Ingredients

150g Bread mixture with
buckwheat fibre
150g Bread mixture with
flaxseed fibre
100 ml(g) milk
165 ml water
10g fresh yeast
(adequate amount of instant)
20g lard
100-150g cracklings

 

How to prepare

It has probably made its way onto our tables from Hungary, where the tradition of crackling flatbread is strong. It has been a long time though, and the flatbread has walked its own path creating numerous variations. My aunt used to prepare it for the parish fair. She always decorated it with the blunt side of a knife and sprinkled it with poppy seeds. I would always take what had not been eaten with me to the university dormitory, where it would perish within minutes. Here is the recipe.

 

Stir the dough using the bread mixtures, milk, water, yeast and melted lard.
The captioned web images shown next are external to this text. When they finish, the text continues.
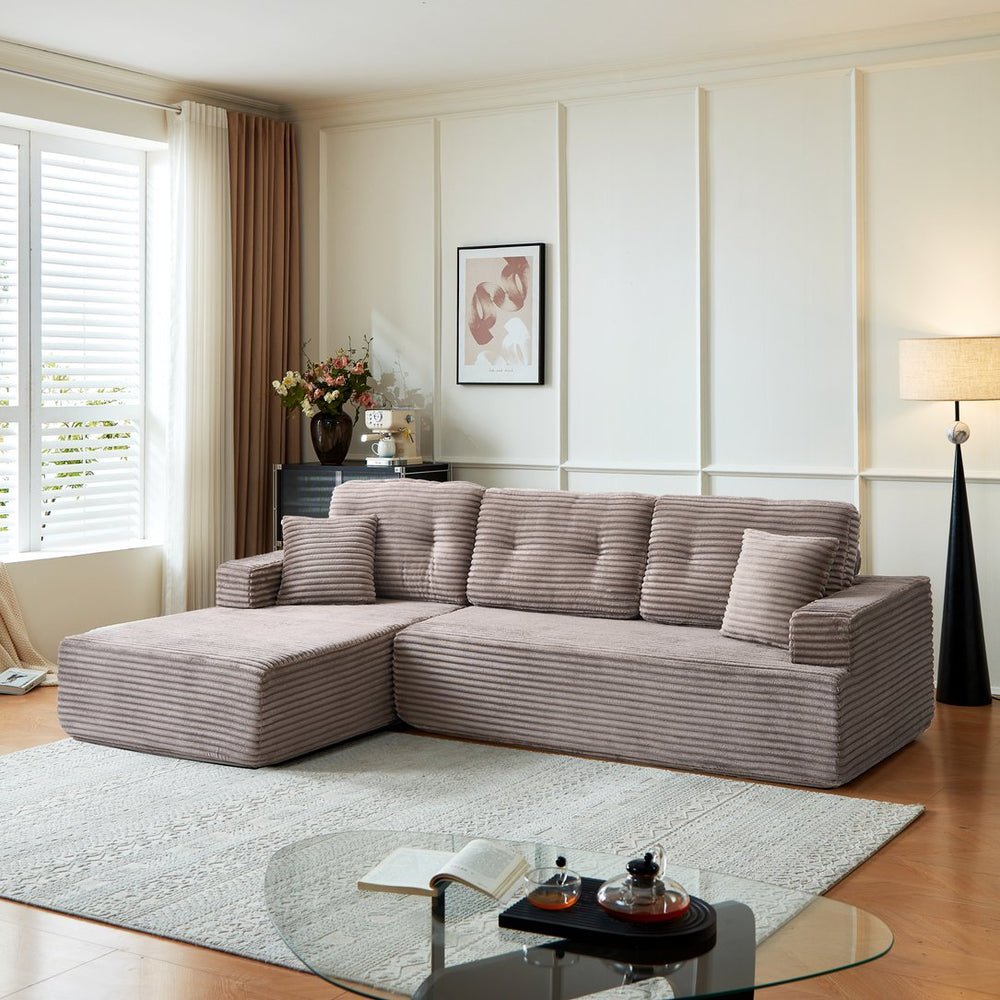 English Elm Right-Facing Chaise modular sectional sofa with plush corduroy, boneless design, converts to bed Brown Gray W3565S00004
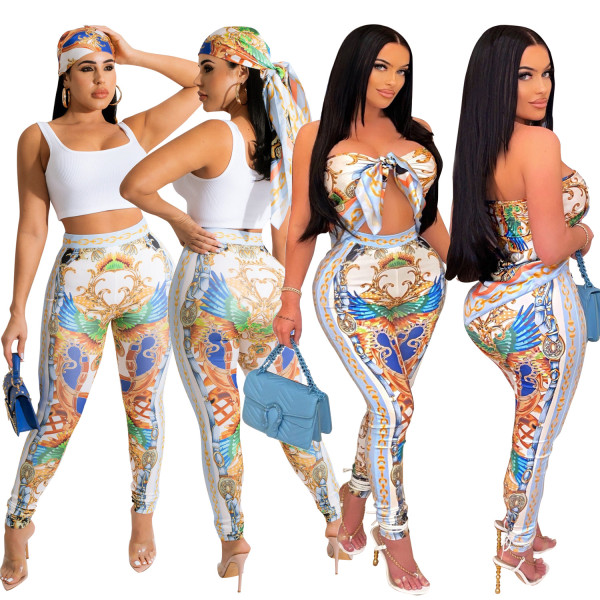 Women's Fashion Totem Positioning Print Tube Top Two-piece Suit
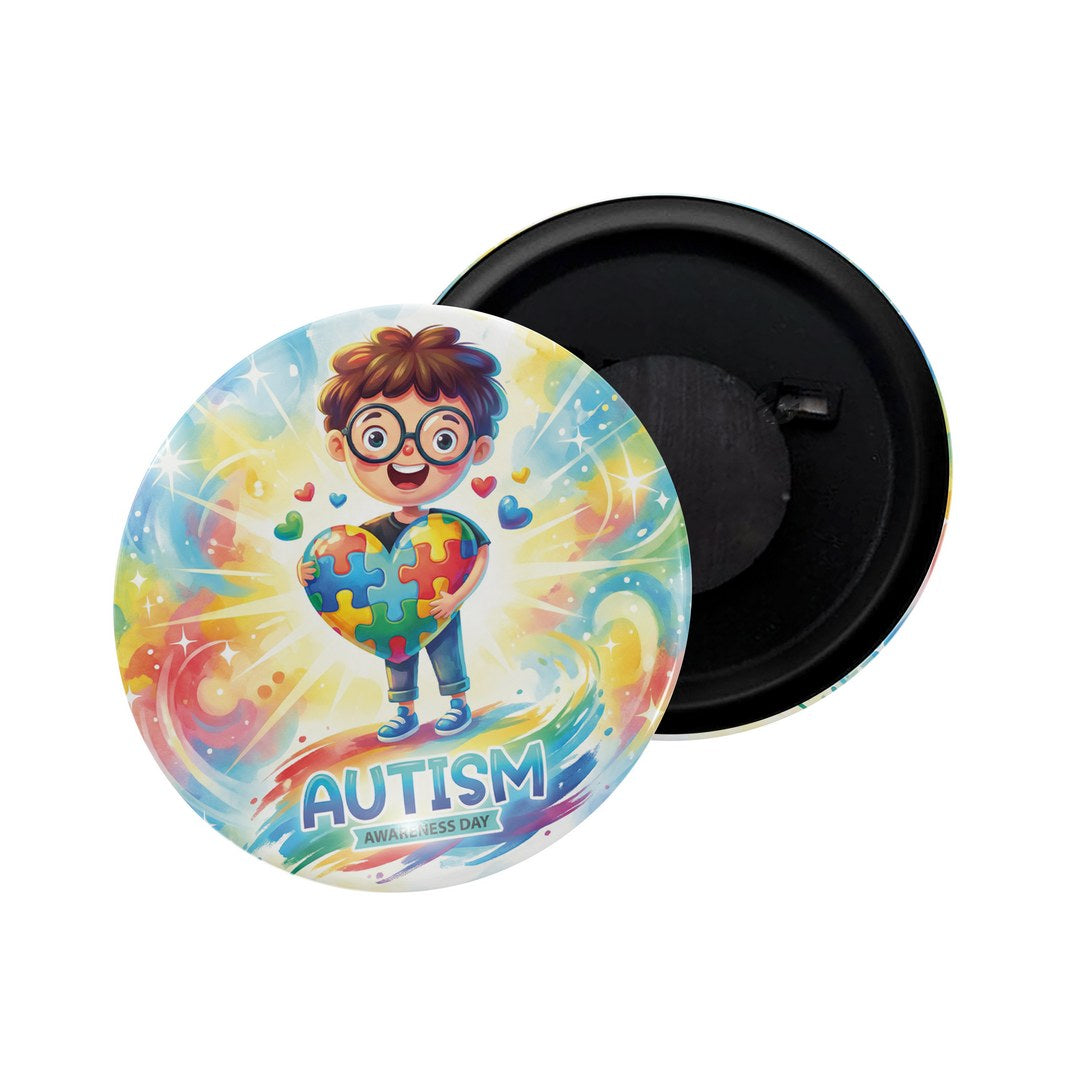 dhcrafts Fridge Magnet White Color Autism Awareness Day D4 Glossy Finish Design Pack of 1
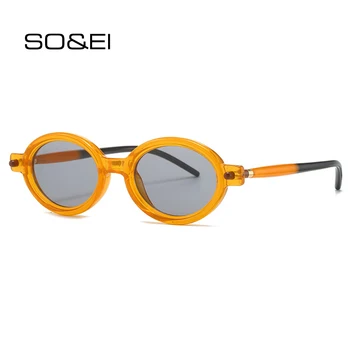 SO & EI Модни Овални Дамски Слънчеви Очила Нюанси UV400 Ретро два цвята Очила Тенденция Мъжки Слънчеви Очила С Нитове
Add the small pork cracklings with lard removed from them into the dough and stir well once more. If your cracklings are too large, chop them into smaller pieces. If your cracklings are too lardy, do not add the lard into the dough. Let the dough mature for about 20 minutes (the time strongly depends on the ambient conditions). The dough will rise quickly in a tempered oven, longer at room temperature.

 

Grease your palms, the rolling pin and working surface slightly to process the dough. Roll the dough flat (about 1 cm) and cut out small circles. You can use a glass edge and grease it to protect it from sticking dough. Move the circles onto a baking tray, and you can decorate them by carving a grille on top using the blunt side of a knife. Let them rise and smear them with a mixture of water and poppy seeds (can be an egg as well) before baking. You can sprinkle the surface with poppy seeds. Bake for 15 - 20 minutes at 200 °C.